Georgian Ambassador Lasha Zhvania, who is about to celebrate his 46th birthday on October 14, is currently on his third stint in Israel and his second as ambassador. Technically he is on his fourth stint, because when he came for the first time in 1998 as First Secretary, he was promoted after two years to Consul Counselor, in which position he served for two additional years before returning to Georgia to serve as Deputy Minister at the Ministry of Finance.
From 2004 to 2005, he was Deputy Minister of Foreign Affairs, and in 2005, he was back in Israel as his country’s ambassador.
Last month, he once again presented his credentials as ambassador, starting his conversation with President Reuven Rivlin in Hebrew before switching to English. In addition to his native Georgian, Zhvania is fluent in Hebrew, English and Russian.
A very young diplomat the first time he was sent abroad, the young Lasha as a boy had not entertained career ambitions to be a fireman, a cowboy or a policeman. He always wanted to be a diplomat, and although he has had several careers, there’s been an element of diplomacy in every one of them.
In addition to twice representing his country as ambassador to Israel, he has been a researcher in international human rights and refugee law at Tbilisi State University; Deputy Minister of Finance; and member of the Anti-Corruption Council of Georgia; Deputy Minister of Foreign Affairs; member of Parliament and chairman of its foreign relations committee; Minister of Economic Development; founder of the Global Unity Group consultancy company; head and general manager of the International Foundation for Science, Culture and Spirituality of the Catholicos-Patriarch of All Georgia, His Holiness Ilia II; and head of the administration of the fifth and current president of Georgia, Salome Zourabichvili.
Zhvania loves Israel, so much so that when aiming to be a diplomat, it wasn’t the career alone that attracted him. “I wanted to be a diplomat in Israel,” he tells The Jerusalem Post in the course of an interview, during which he receives a phone call and converses with the caller in fluent Hebrew.
In an era in which the pervasive scourge of antisemitism is again spreading throughout Europe and elsewhere in the world, Georgia is one of the few places in which there is no antisemitism, Zhvania asserts.
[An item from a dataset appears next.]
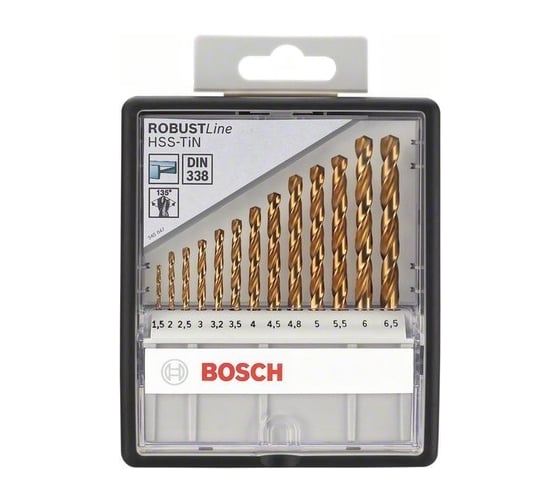 Набор сверл по металлу Robust Line 13 шт. (1,5-6,5 мм; HSS-TIN) Bosch 2607010539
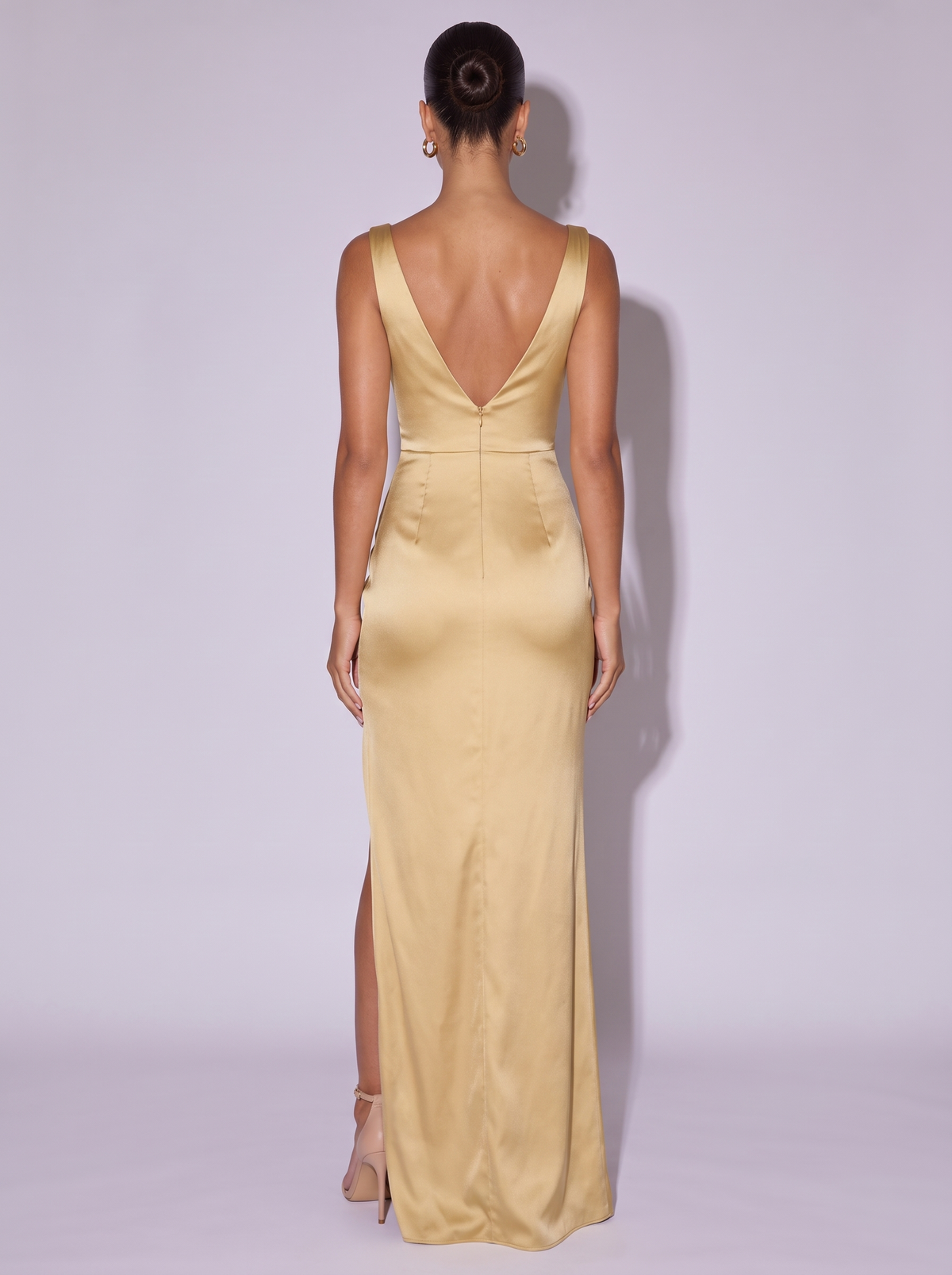 Monaco Satin Cowl Neck High Slit Dress in Champagne Color — back view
Is there an explanation for this?
INDEED, THERE IS.
While there are several different versions for how and when the Jews first came to Georgia, the most common legend, says Zhvania, is that they came in the aftermath of the destruction of the First Temple. They were accepted as equals and permitted to practice their own religion and customs. They built synagogues and established a sanhedrin.
The Georgian Jewish community, he says proudly, is among the oldest Jewish Diaspora communities in the world.
Coming fast forward to illustrate how well the Jews integrated into mainstream Georgian society, Zhvania recalls a recent luncheon with a Georgian expatriate living in Israel and a visitor from Georgia, who happened to have been a classmate of the expat.
Georgia is divided into 10 regions. The visiting classmate who had sat next to the expat in school from grade one onward, and had been a close friend, said that he had never known until the ninth grade, that Jew was the name given to certain people who practiced a different religion to his. He always thought that it was the name of a region.
Zhvania tells the story to illustrate how Georgian the Jews of his country are. They do not suffer discrimination, he insists, and in fact, Patriarch Ilia II, who has been in office for 41 years, is so well disposed to Jews, that in his sermons he tells people that if they have been blessed by a Jew, it is like being blessed by God.
Christianity came to Georgia in the fourth century of the first millennium. But long before that, word reached the people of Georgia, that a wondrous child had been born near Jerusalem.
A pious Jew called Elioz was sent to Jerusalem to find out what was so special about this baby. Elioz remained in Jerusalem for many years and witnessed the crucifixion of Jesus Christ.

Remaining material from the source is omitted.